Source data |
******************************
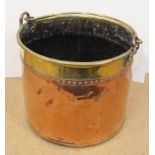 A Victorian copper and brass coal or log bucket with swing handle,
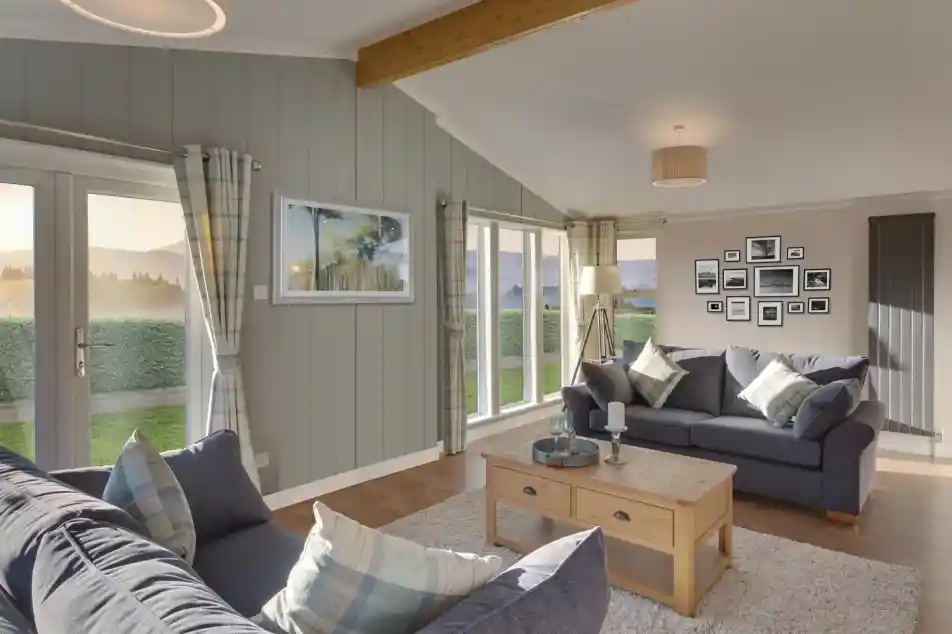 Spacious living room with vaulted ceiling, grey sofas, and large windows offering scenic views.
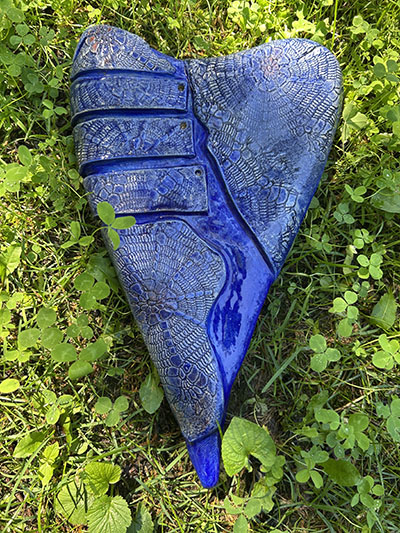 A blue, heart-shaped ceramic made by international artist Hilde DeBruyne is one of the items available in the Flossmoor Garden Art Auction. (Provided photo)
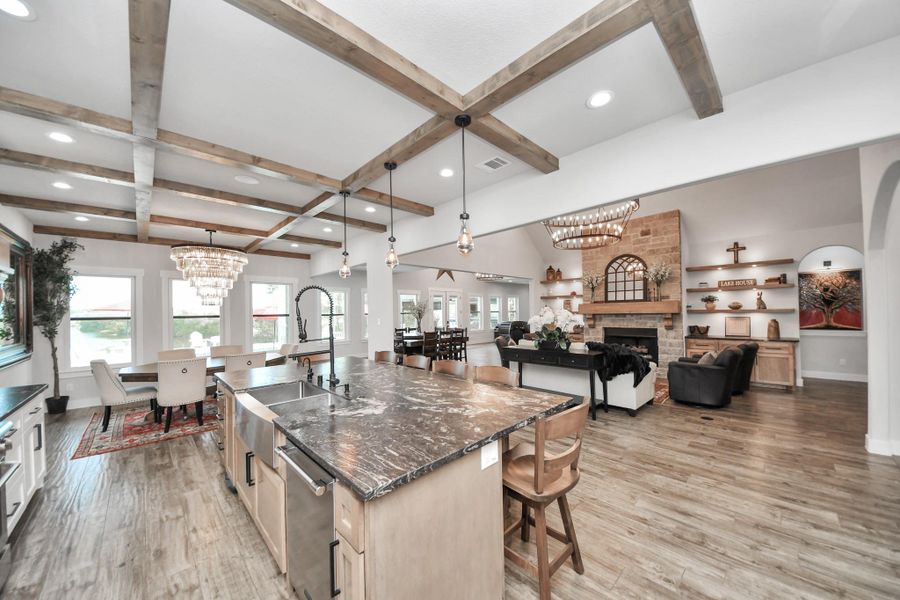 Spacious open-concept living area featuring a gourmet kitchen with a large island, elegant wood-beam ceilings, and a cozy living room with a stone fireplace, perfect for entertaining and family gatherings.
******************************
Action item | Transcribe only the lines from the line holding "A blue, heart-shaped" to the final line of the listing above. Keep them exact, include both ends, and skip the pictures.

Result for this task |
 A blue, heart-shaped ceramic made by international artist Hilde DeBruyne is one of the items available in the Flossmoor Garden Art Auction. (Provided photo)
 Spacious open-concept living area featuring a gourmet kitchen with a large island, elegant wood-beam ceilings, and a cozy living room with a stone fireplace, perfect for entertaining and family gatherings.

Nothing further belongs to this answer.